CMS guidance indicates that an allegation that home equity should not count because of a legal impediment to selling or transferring the home does not prevent a determination of the individual's equity interest. Such an allegation may be a legitimate reason for the state to consider waiving the application of the excess home equity requirement because of a hardship. (see Hardship Waiver).
The excess home value is not applied to the resource standard. It is a pass/fail provision.
How is reverse mortgage line of credit treated?
The most popular option to reduce equity interest is through a reverse mortgage. The equity value is reduced by deducting the debt from the current market value. The homeowner will have to receive the money for it to reduce equity.
Costs relating to obtaining the reverse mortgage can be included to reduce the home equity if the costs are paid out of the loan proceeds. (They become part of the outstanding debt). If the person pays out-of-pocket costs up front, they do not reduce the equity.
Excess home equity and LTC Partnership Rules
The home equity is not protected per se under the LTC Partnership rules. A person can take out a home equity loan converting equity into an otherwise countable resource and then the equity will be treated as any other resource will be treated.
Example #1
Applicant recently entered a nursing home. Equity in the home is $990,000. There is no spouse or dependents. Applicant intends to return home.
In this example, the application is denied due to excess home equity provisions.
Example #2
Applicant recently entered a nursing home. Equity in the home is $990,000. There is no spouse or dependents.

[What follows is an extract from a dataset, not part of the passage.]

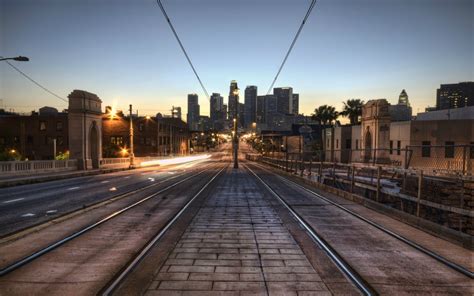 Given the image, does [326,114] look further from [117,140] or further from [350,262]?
[350,262]

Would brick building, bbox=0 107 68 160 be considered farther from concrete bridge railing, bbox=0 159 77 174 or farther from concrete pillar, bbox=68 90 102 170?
concrete bridge railing, bbox=0 159 77 174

Applicant's representative has put the home up for sale.
In this example, the application is denied due to excess home equity provisions. Putting the home up for sale does not negate this provision as it is a pass/fail test for LTC services. The applicant can look into the possibility of a reverse mortgage.
Example #3
Applicant recently entered a nursing home. Equity in the home is $990,000. The community spouse lives in the home.

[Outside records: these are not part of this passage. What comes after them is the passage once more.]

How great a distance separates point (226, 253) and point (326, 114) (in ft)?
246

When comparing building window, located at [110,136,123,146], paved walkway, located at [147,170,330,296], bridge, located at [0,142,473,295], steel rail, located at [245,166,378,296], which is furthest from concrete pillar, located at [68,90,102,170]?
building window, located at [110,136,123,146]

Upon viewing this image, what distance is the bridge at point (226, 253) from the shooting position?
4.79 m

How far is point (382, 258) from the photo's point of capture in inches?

In this example, the home is excluded. The excess home equity provision does not apply if the spouse (or dependents) are living in the home.
Example #4
Applicant recently entered a nursing home. Equity in the home is $800,000. In addition to the home, there is noncontiguous property worth $625,000 that is up for sale. There is no spouse or dependents. The applicant intends to return to the home.

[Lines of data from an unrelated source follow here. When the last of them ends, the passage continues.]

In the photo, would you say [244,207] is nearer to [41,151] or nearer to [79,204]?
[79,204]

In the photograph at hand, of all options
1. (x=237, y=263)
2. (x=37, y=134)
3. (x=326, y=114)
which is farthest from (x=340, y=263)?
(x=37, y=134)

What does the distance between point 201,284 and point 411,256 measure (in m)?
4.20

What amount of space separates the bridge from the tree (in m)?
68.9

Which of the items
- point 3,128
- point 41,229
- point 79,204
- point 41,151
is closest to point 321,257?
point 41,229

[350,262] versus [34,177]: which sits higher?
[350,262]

The excess home equity provision only applies to the individual's home. In this example, the home equity value is under the standard. The individual intends to return home, so it is excluded from eligibility.
The 2nd piece of property is over the excess home provision, however was not the individual's primary home. The excess home provision does not apply to this 2nd piece of property. The property is listed for FMV, therefore we can look at conditional eligibility as the house is listed for sale.
Example #5
Applicant recently entered a nursing home. Equity in the home is $100.00 over the current home equity standard. The individual has no other resources.
The application is denied based on excess home equity. In this example we cannot apply the $2,000 that is over the standard toward the $2,000 resource standard. The home equity can exceed the standard by $1 and the case would need to be denied.
Example #6
Applicant recently entered a nursing home. Equity in the home is $900,000. In addition to the home, there is a contiguous property worth $150,000. There is no spouse or dependents. The applicant intends to return to the home.
In this example the home and the contiguous property all count towards the equity limit, so the applicant would be denied for excess home equity.